L’un des objectifs assumés d’Angela Ahrendts est de développer Apple non seulement comme une marque premium, mais aussi comme une authentique marque de luxe. Le boycott du Black Friday s’explique beaucoup plus dans cette optique que dans celle de choyer les employés des boutiques Apple.

Il y a cette volonté d’être partout d’une part, et d’être une marque de luxe d’autre part. Après tout pourquoi pas, mais on peut difficilement incarner les codes du luxe en jouant 300 jours par an (volontairement ou non) avec le paramètre prix.

On nous a expliqué que cette guerre tarifaire pénalisait le réseau agréé Apple. C’est probablement vrai, mais à plus long terme, cela pénalise avant tout l’image de marque d’Apple.

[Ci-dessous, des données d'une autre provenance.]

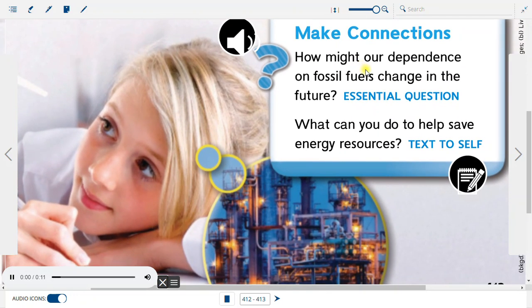Make Connections: How might our dependence on fossil fuels change in the future? What can you do to help save energy resources?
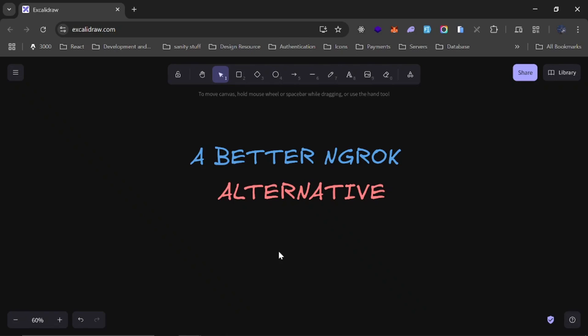What's up guys, so if you are using ngrok to share your local development server with someone or even use it to test webhooks, I've got something better and it's built right into VS Code. The cool thing about it is that you don't even need to install anything extra and it might just replace ngrok for you.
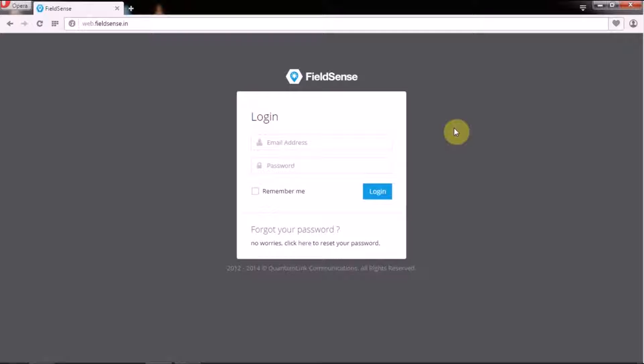I am going to walk you through the manager's web panel and show you all that you can do there.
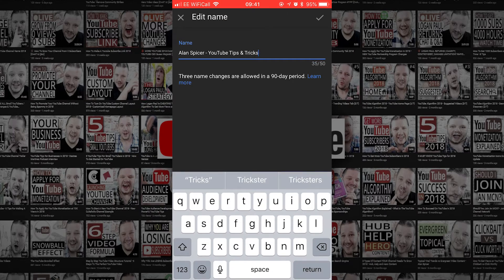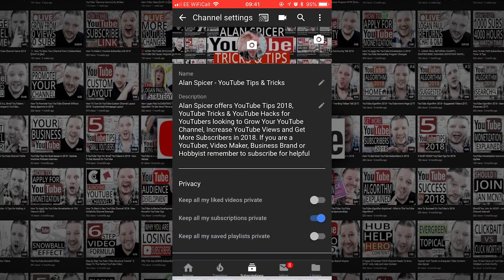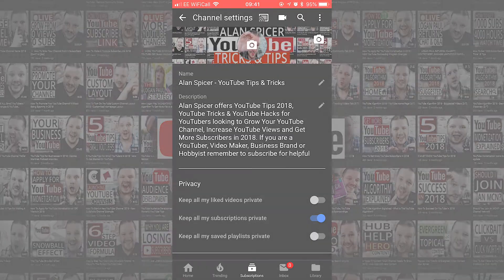Click on that pencil and you'll have a chance to type whatever you want into that name box. Click done, and then most importantly wait 24 hours or so.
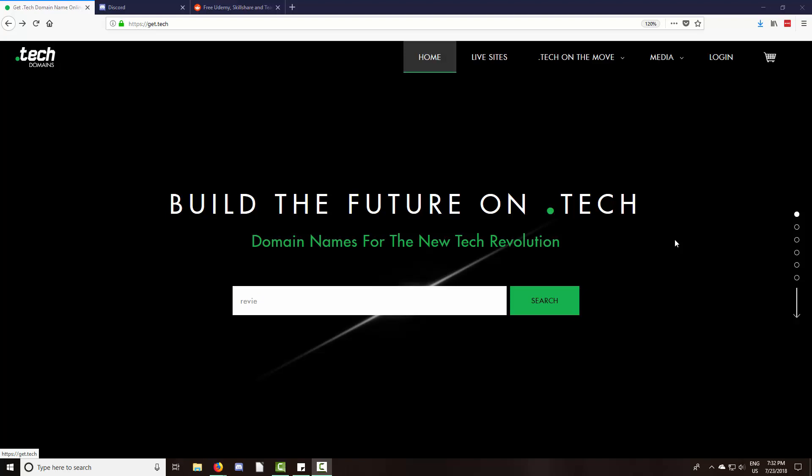The team over at get.tech is allowing me to bundle a free one-year .tech domain with all course purchases through my website. So if you purchase a course, I will send you a promo code to redeem your free one-year .tech domain. And if you've purchased a course in the past or a course bundle, feel free to shoot me an email and I will be happy to send you a promo as well.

Les consommateurs qui étaient jusqu’à présent habitués à payer le prix public, vont chercher systématiquement une remise et seront beaucoup plus exigeants sur celle-ci. Dans le milieu, Samsung est souvent moqué pour ses prix publics. À chaque fois que le géant coréen sort un nouveau produit, celui-ci fait l’objet d’une promotion ou d’une offre spéciale dans la semaine qui suit. Au rythme où vont les choses, Apple sera peut-être le prochain Samsung.

Parvenir à maintenir une certaine unicité des prix dans l’ensemble de ses réseaux n’a pourtant rien d’impossible. Certaines marques - Bose pour la high-tech, Hermès pour le luxe - y parviennent très bien, mais c’est une question de volonté. Apple a les moyens de faire plier n’importe quel distributeur. Encore faut-il en avoir envie !

Derrière cette guerre tarifaire se cache enfin, peut-être un autre constat moins reluisant pour Apple : si elle multiplie (indirectement ou non) les offres promotionnelles, c’est parce qu’il y a du stock. Et que pour écouler ses produits et atteindre des objectifs toujours plus élevés, Apple donne l’impression de ne plus avoir de choix que de se comporter comme n’importe quel pousseur de cartons.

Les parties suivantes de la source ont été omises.